Giugno 2007: George W. Bush, presidente degli Stati Uniti, è in visita a Tirana. Gli albanesi lo accolgono con entusiasmo, lui si avvicina alla folla, un video lo mostra mentre stringe la mano a una persona e poi la ritrae...senza orologio. Il video fa il giro del mondo e solo in un secondo momento si scopre che era stato lo stesso Bush a togliersi l'orologio prima della stretta di mano.
Di (false) notizie come queste le testate giornalistiche sono piene dalla notte dei tempi. "La falsificazione c'è sempre stata, non dipende certo dalla diffusione di Internet", ha detto Luca Sofri, direttore e giornalista de Il Post, che ha parlato proprio di questo nel corso del suo intervento 'Questa notizia è falsa' all'evento 'Comunicare domani' organizzato da Assocom (leggi news).
"Escludendo le falsificazioni a scopo sensazionalistico, le fake news sono figlie della trascuratezza che vige nelle redazioni - ha spiegato Sofri - . Se consideriamo che spesso non disponiamo degli strumenti necessari a verificare la veridicità di ciò che leggiamo e che i titoli rappresentano oggi l'80% della nostra informazione, non è difficile rendersi conto delle conseguenze che questo fenomeno può avere".

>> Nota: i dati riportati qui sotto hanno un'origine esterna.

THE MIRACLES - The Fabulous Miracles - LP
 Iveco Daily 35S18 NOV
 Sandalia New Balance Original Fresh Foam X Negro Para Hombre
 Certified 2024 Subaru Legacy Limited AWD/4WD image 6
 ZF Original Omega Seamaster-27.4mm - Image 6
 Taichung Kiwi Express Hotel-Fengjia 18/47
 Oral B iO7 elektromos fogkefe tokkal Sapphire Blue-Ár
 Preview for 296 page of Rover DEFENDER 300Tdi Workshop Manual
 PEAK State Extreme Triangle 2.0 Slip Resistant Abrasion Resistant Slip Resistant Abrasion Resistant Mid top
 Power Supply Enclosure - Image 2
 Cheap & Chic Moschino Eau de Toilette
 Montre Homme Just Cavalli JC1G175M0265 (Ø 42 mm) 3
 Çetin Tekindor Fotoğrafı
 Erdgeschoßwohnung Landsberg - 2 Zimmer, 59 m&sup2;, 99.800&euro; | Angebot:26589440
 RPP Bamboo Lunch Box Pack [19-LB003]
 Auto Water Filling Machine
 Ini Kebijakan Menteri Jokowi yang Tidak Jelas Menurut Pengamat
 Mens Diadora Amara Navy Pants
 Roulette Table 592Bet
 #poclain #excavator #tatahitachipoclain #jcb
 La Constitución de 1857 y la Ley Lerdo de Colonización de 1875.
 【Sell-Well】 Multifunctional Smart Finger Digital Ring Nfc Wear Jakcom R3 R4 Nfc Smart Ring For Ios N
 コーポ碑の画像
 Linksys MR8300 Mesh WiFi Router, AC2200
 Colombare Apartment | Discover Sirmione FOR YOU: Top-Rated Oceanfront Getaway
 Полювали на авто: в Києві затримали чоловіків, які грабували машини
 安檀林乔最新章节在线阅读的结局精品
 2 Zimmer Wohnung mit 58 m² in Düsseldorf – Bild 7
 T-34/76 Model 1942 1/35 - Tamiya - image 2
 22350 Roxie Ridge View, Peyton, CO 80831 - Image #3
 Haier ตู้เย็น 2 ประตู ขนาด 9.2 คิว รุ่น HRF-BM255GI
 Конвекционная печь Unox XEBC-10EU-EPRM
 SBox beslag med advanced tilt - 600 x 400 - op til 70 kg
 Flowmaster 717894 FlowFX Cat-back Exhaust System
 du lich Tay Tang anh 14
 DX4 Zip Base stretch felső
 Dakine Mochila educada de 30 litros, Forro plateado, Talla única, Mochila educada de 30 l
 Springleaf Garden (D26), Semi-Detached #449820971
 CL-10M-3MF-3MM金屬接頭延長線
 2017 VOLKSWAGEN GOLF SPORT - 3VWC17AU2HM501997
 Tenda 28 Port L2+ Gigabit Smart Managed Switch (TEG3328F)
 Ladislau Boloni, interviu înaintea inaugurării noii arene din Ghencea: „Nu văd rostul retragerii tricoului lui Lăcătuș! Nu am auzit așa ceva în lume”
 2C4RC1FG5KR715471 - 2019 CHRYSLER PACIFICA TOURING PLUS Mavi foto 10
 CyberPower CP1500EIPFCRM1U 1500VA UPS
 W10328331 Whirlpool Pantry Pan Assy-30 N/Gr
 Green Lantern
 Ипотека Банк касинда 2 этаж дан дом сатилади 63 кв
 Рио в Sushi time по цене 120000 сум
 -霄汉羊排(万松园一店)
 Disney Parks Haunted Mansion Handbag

Fino a poco tempo fa, tuttavia, non se ne parlava così tanto. E' da un anno e mezzo a questa parte che il tema delle fake news è diventato un trending topic, soprattutto perché proprio nella disinformazione è stata identificata la principale causa dell'esito del referendum sulla Brexit e dell'elezione di Donald Trump a Presidente degli Stati Uniti.
"Il punto nodale è la qualità, non tanto la quantità di notizie presenti in rete: la falsa informazione si diffonde perché manca, soprattutto nel nostro Paese, un'informazione autorevole, che faccia da contraltare alle notizie non vere. In mancanza di testate di qualità, le persone scelgono allora di informarsi sui social media che diventano anche una pericolosa cassa di risonanza per le bufale", ha sottolineato Sofri.
La questione non riguarda solo i giornalisti, ma tutti coloro che in un modo o nell'altro hanno a che fare con l'informazione.
"E' un tema di cui dobbiamo farci carico per ragioni etiche ma anche economiche - ha spiegato il giornalista - . Pensiamo ad esempio alle aziende: quale impresa pianificherebbe su una testata che dà spazio a notizie prive di fondamento? E' stato dimostrato che i lettori sarebbero disposti a pagare per contenuti di qualità ed è proprio su questo fronte che dobbiamo lavorare, cercando di verificare le fonti, di privilegiare l'accuratezza allo scoop. E la questione riguarda anche il mondo della pubblicità. Internet è il settore più innovativo nella storia del mondo ma l'advertising che ospita non lo è per nulla: siamo ancora fermi ai banner e agli spot televisivi riadattati per il web. Occorre inventarsi qualcosa, o almeno provarci".